So I believe Martinus decides not to give any name to X1, in order to avoid equating it to a perceived phenomenon, or thing, with qualities. For this reason, X1 is the name-less and concept-less condition of eternity of the I.

X2 is X1’s equally eternal creating capacity. And just as X1-X2, as structure of the Godhead, is the origin(ator) of reality, so X1-X2, as structure of the I too, is the origin(ator) of reality. Reality therefore has to be referred to as X3.
X3 is the eternal result of the Godhead’s creating capacity, and also the result of the creating capacity of the I. And the living beings you and I are (constituted by the I with its created manifestations) acquire eternity by the fact that they are the same as the inseparable unity of the three Xs, just like the Godhead is the same as the inseparable unity of the three Xs.
(incidentally, here is where I think Eugene can find a more explicit "nondual touch and feel")


That was as for my attempt to clarify what I believe Martinus says.
As for your issue with the creator nor preceding creation, I don’t think Martinus states that the creator is prior to the created. Rather he says: the creator is eternal, the created is its impermanent manifestation.

You say: “creating and thinking are synonyms” - yes.

You say: “without a created there is no creator” - no, because creating/thinking is a verb, an evolution, a time-immersion, off of, or out of, eternity.

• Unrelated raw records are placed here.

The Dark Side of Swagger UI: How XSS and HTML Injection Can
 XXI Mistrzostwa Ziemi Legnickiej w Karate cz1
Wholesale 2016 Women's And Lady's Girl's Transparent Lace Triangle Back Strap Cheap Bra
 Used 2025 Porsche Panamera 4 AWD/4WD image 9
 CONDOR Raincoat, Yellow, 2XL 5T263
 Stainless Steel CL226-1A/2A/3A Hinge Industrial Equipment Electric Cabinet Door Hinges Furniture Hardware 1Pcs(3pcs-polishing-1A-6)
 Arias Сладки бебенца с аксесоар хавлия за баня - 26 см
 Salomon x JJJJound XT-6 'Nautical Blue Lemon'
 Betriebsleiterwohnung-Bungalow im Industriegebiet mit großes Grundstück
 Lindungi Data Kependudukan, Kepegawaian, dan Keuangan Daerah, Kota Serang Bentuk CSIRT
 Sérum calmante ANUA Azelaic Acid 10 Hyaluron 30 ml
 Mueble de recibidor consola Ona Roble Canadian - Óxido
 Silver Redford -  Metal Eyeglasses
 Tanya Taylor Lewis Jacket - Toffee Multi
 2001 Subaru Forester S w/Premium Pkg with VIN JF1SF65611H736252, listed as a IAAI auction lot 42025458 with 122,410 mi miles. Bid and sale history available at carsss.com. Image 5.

You say: “there is only one ever-expanding Thought (Created), which is in polar relation to the power to Think Create), so I would say the latter is not prior to The Thought.” - I don’t think so. I don’t get the polar relation thinking-thought. Rather, thought is the arbitrary precipitation of thinking activity in the individual perceptual spectrum. Thinking has to die, become stripped of its creative living capacity, and fall into standard perception as hyper-fragmented and dry” thinking dust” mixed in, and smeared all over, the screen of our experience, together with the rest of our perceptual flow (feeling, willing, sensing). There is a structural imbalance between thinking and thought.
I believe you are abstracting a supposed polarity thinking-thought as if it went parallel to the spiritual-physical polarity? But I don’t see any "one ever expanding Thought". Thoughts can only be fragmented. That’s why we have to keep them at bay, we have to keep the fragments out of the way, by concentrating on only one tiny point, and that’s the only way to trace back to the unity of thinking. Besides what Ashvin says about livingly inhabiting the meaning of polarity, maybe you hold this view because you have not tried to consider thinking as X1 (or X1-X2 if you prefer) ‘above’ (not prior to) all else, which includes the manifested-perceptual, which includes thoughts-pictures?

By the way, as Ashvin says, it is straining :)
In this epoch we have to be fighters for the spirit: man must realise what his powers can give way to, unless they are kept constantly under control for the conquest of the spiritual world. In this fifth epoch, man is entitled to his freedom to the highest degree! He has to go through that.